Controversial Family Radio, the source of the recent failed prediction of the end of the world, draws tens of millions of dollars in donations each year, but it also spends heavily on its religious mission. As for founder Harold Camping (pictured), he draws not a cent in salary.

Family Stations Inc., the official name of the non-profit broadcaster, has not yet filed its IRS Form 990 for 2010, but RBR-TVBR pulled up the 2009 filing and found that Family Radio spent considerably more than it took in. If, as has been rumored, the organization spent $100 million promoting Camping’s May 21st end of the world prediction, the finances were even more out of balance in 2010.

Family Radio tells the IRS its non-profit mission is to “Proclaim the true Gospel around the world & accurately teach the Gospel of Jesus Christ.” In pursuing that mission the organization spent $36.7 million in 2009. Meanwhile, it had only $19.7 million in revenues, mostly the $18.4 million in contributions from listeners.

$9.9 million of the cash outflow was for employee salaries and benefits – not a very large figure for a radio group with 66 stations and 348 employees coast-to-coast.
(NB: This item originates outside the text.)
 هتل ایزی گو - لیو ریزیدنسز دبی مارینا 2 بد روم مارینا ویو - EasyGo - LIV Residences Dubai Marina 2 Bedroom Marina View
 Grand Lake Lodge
And no one is getting rich working at Family Radio. Camping, an 89-year-old retired engineer, draws no salary from the organization as its President. In fact, he loaned Family Radio $175,516. When that loan was made and when it is due was not spelled out. William Thornton, Assistant Secretary/Treasurer, was paid $60,439 in 2009. Family Radio indicated on the IRS form that it has no employee who is paid $100K or more.

While Family Radio owns lots of stations in the US – valuing the FCC licenses at $56 million, it buys lots of air time elsewhere. It spent $12.7 million in 2009 to purchase broadcast time, mostly in Europe, East Asia and the Pacific, Russian and the Newly Independent States, South America and Sub-Saharan Africa.

Despite expenses exceeding income, Family Radio has a financial cushion. It listed $34 million in publicly traded securities at the end of 2009, down a little more than a million from a year earlier. Add in the value of its radio stations and other holdings and it had total assets of $104.8 million. But it also had debts of $32.4 million, so its net assets were $72.4 million.

RBR-TVBR observation: The next filing with the IRS should be interesting. Did Family Radio drain its coffers to promote the May 21st judgment day prophecy by Camping? Or will listener contributions be up substantially as people answered the call to help buy billboards and other advertisements to get the (mistaken) word out?

CNN reported that Family Radio will be restocking its coffers with the bulk of the estate of a New York woman who died May 2nd, believing that the end of the world for everyone else was just 19 days away. The woman’s closest relatives, two nieces, were shocked to find that the woman’s will left them $25K each, with the rest, about a quarter million, going to Family Radio.